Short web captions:

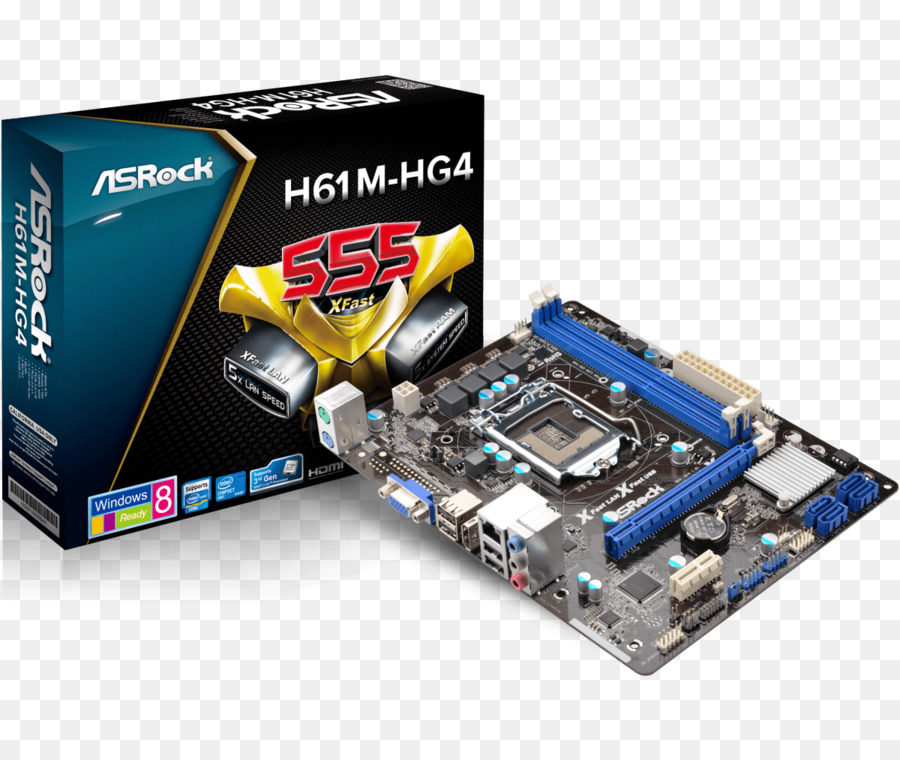 PCI-E, z/ócalo LGA 1155 MSI H61M-P32//W8 Intel H61 m-ATX Placa Base
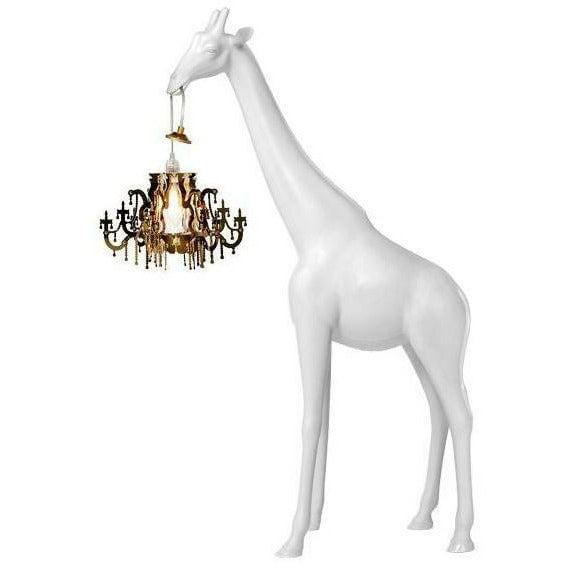 [product_category]-Qeeboo Giraffe In Love Floor Lamp Xs H 1m, White-Qeeboo-8052049054089-28001WH-QEE-1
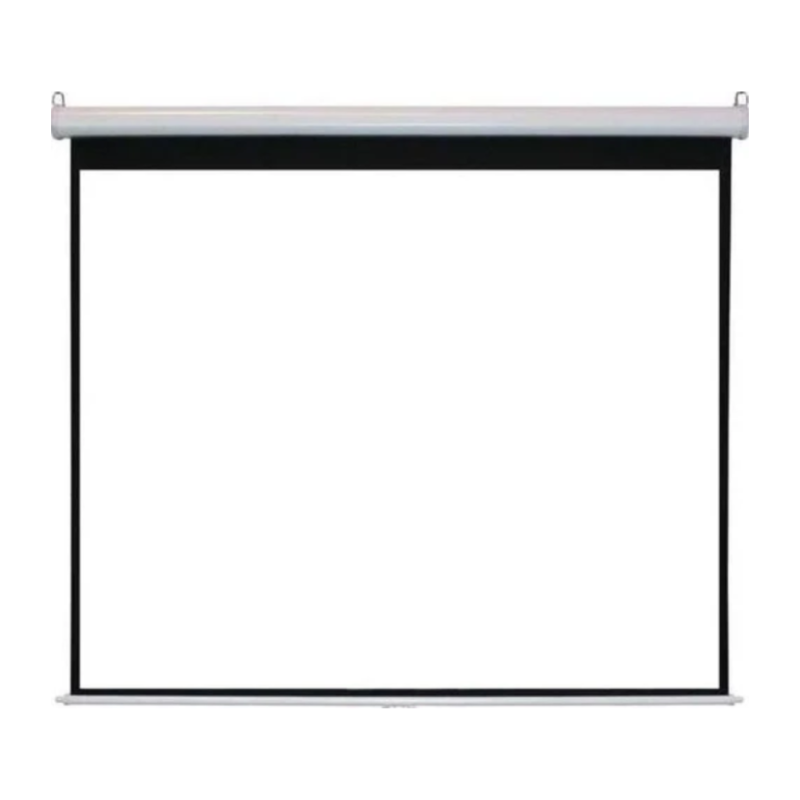 240x240 cm Manual Pull-down Projector Screen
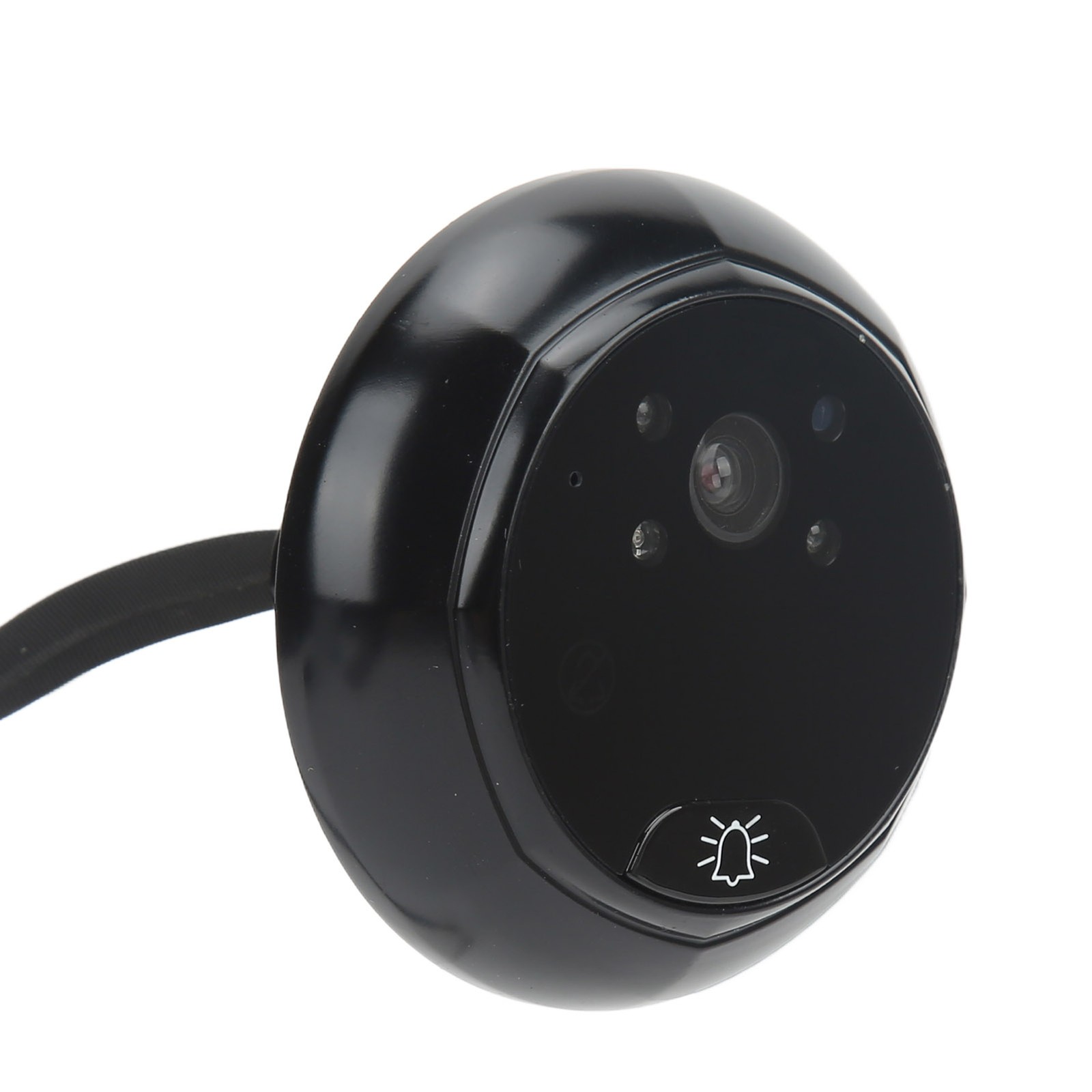 Video Door Phone System Digital Door Viewer Infrared Night 160 Degree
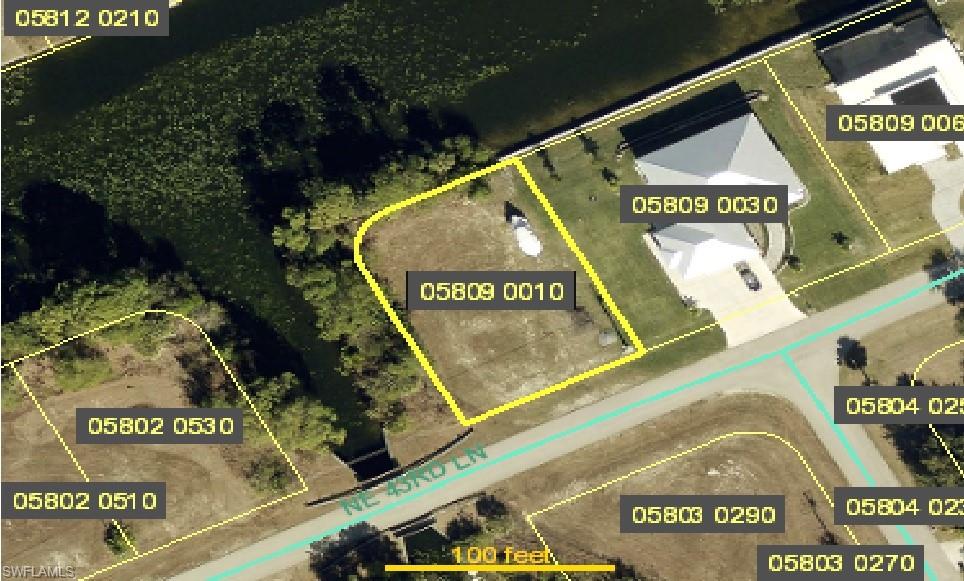 Experience Your Opportunity to Build Your Dream Home on this Oversized Corner Lot on the Gator Slough and Edelweiss Canal with Intersecting Canal Views.  Over 200 Sq Ft of Fresh Water Frontage!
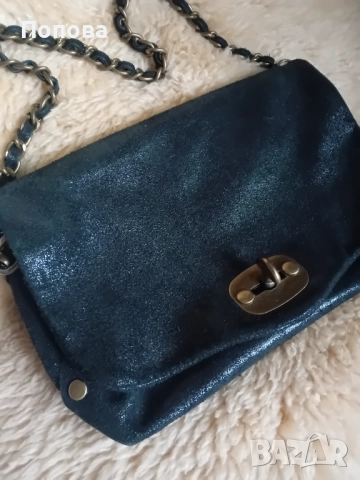 Уникална италианска чанта естествена кожа , снимка 7 - Чанти - 52195136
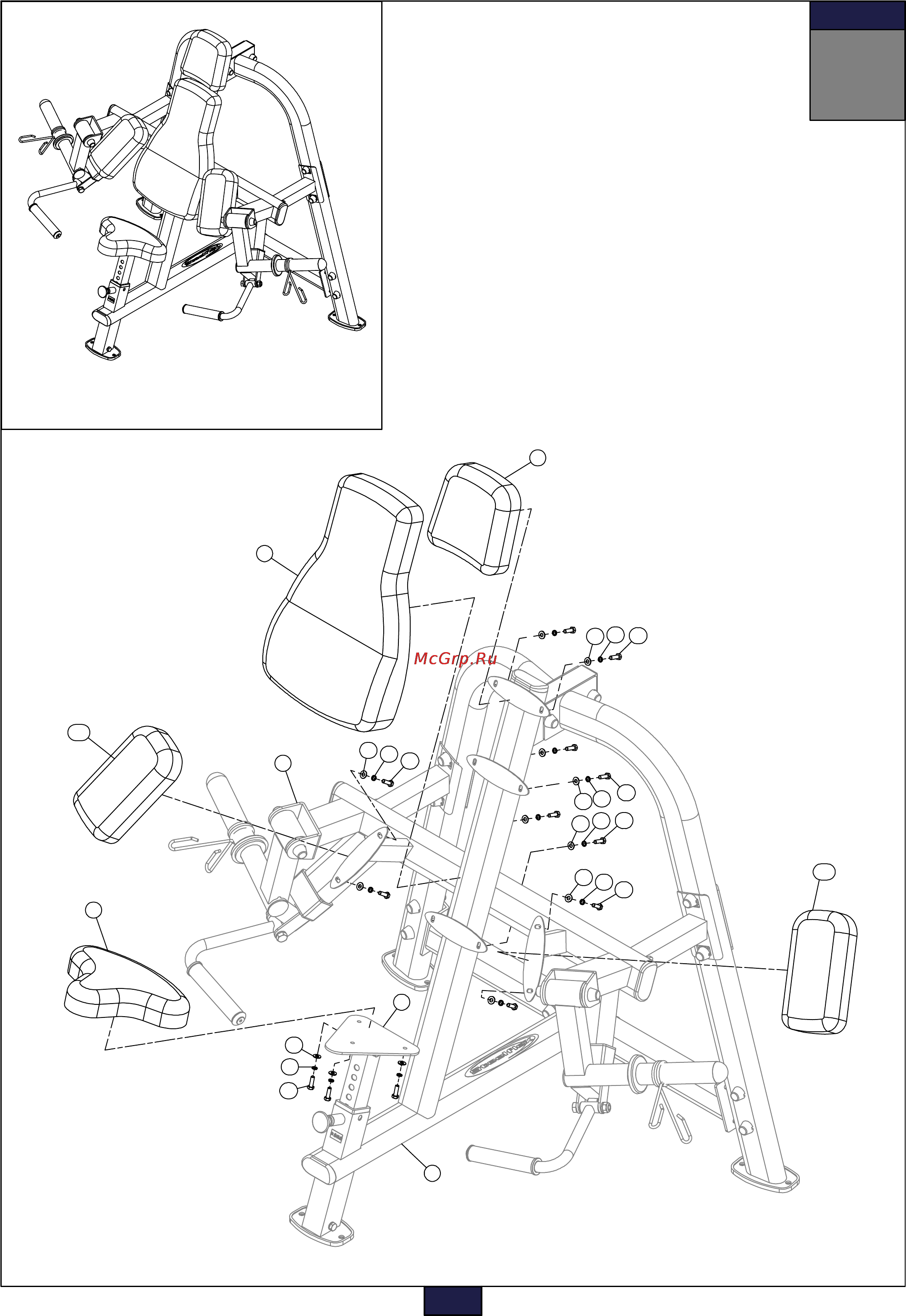 Aerofit PLBC [11/12] S t e p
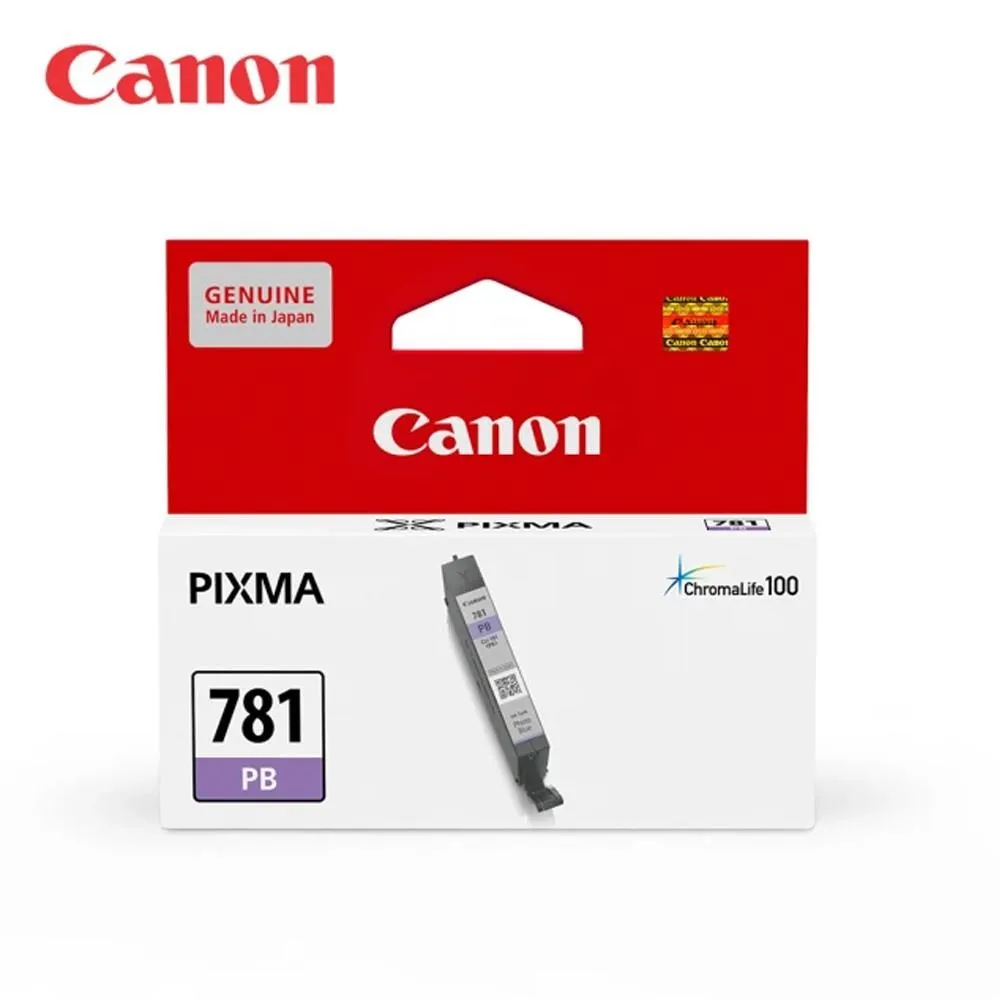 Canon 原廠墨水匣 CLI-781 系列 彩色 黃色 紅色 相片黑 藍色 相片藍 歷史價格詳細信息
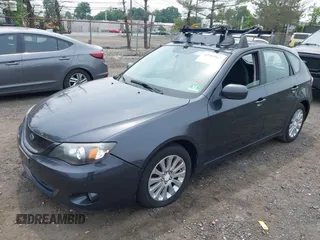 2008 Subaru Impreza i z VIN JF1GH61618H834567, wystawiony jako IAAI lot #42505962 z przebiegiem 199 207 mil mil oraz . Historia ofert i sprzedaży dostępna na DreamBid. Obrazek 2.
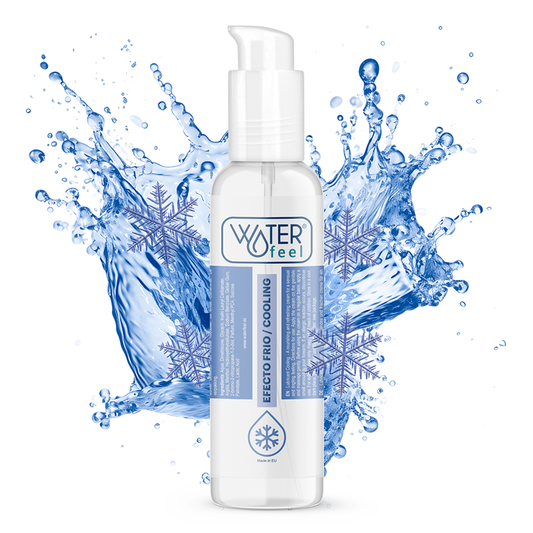 WATERFEEL - LUBRIFIANT EFFET FROID 150 ML - Sensualia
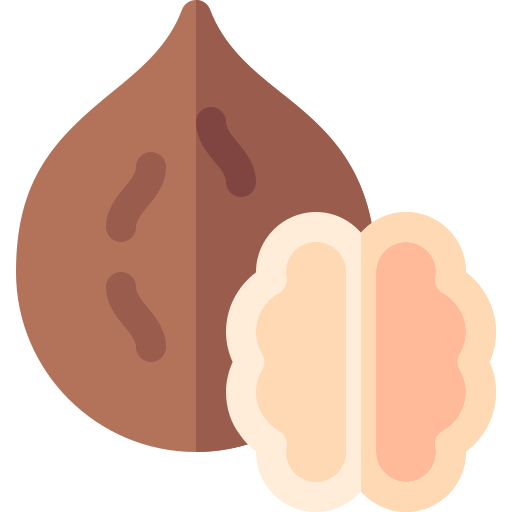 Walnut Basic Rounded Flat icon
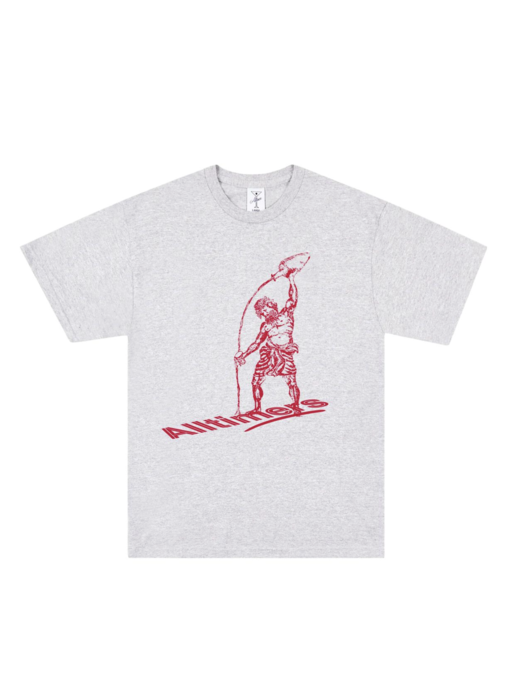 Alltimers Lord Bacchus Tee - Heather Grey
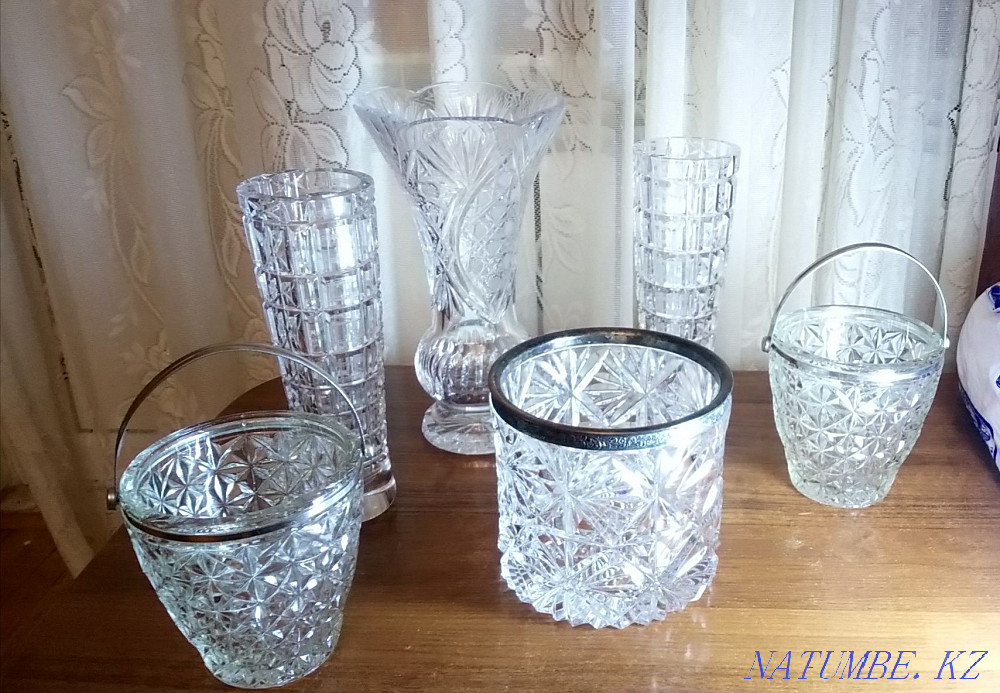 Crystal of the times of the USSR. Almaty - photo 2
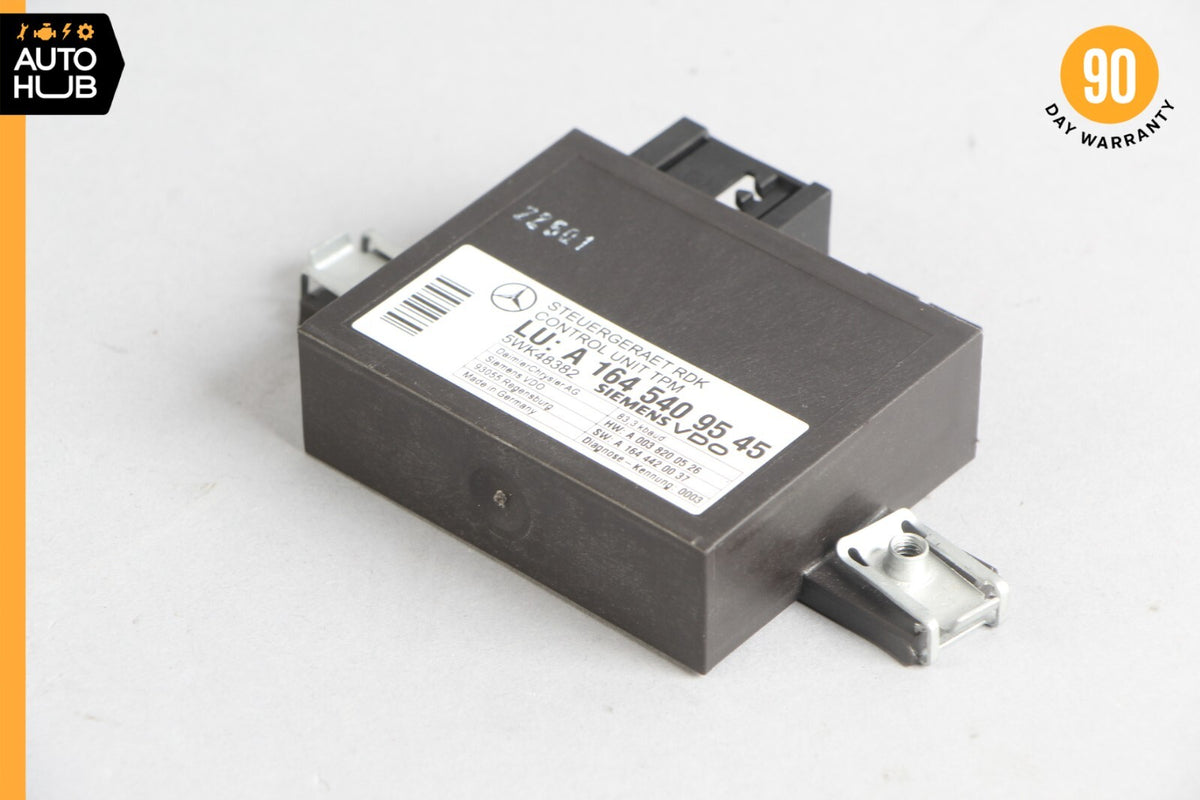 06-13 Mercedes R230 SL500 SL550 ML63 TPMS Tire Pressure Control 1645409545 OEM - photo 4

Work item »
All of the records above are to be printed exactly, with every picture omitted.

Finished exercise »
 PCI-E, z/ócalo LGA 1155 MSI H61M-P32//W8 Intel H61 m-ATX Placa Base
 [product_category]-Qeeboo Giraffe In Love Floor Lamp Xs H 1m, White-Qeeboo-8052049054089-28001WH-QEE-1
 240x240 cm Manual Pull-down Projector Screen
 Video Door Phone System Digital Door Viewer Infrared Night 160 Degree
 Experience Your Opportunity to Build Your Dream Home on this Oversized Corner Lot on the Gator Slough and Edelweiss Canal with Intersecting Canal Views.  Over 200 Sq Ft of Fresh Water Frontage!
 Уникална италианска чанта естествена кожа , снимка 7 - Чанти - 52195136
 Aerofit PLBC [11/12] S t e p
 Canon 原廠墨水匣 CLI-781 系列 彩色 黃色 紅色 相片黑 藍色 相片藍 歷史價格詳細信息
 2008 Subaru Impreza i z VIN JF1GH61618H834567, wystawiony jako IAAI lot #42505962 z przebiegiem 199 207 mil mil oraz . Historia ofert i sprzedaży dostępna na DreamBid. Obrazek 2.
 WATERFEEL - LUBRIFIANT EFFET FROID 150 ML - Sensualia
 Walnut Basic Rounded Flat icon
 Alltimers Lord Bacchus Tee - Heather Grey
 Crystal of the times of the USSR. Almaty - photo 2
 06-13 Mercedes R230 SL500 SL550 ML63 TPMS Tire Pressure Control 1645409545 OEM - photo 4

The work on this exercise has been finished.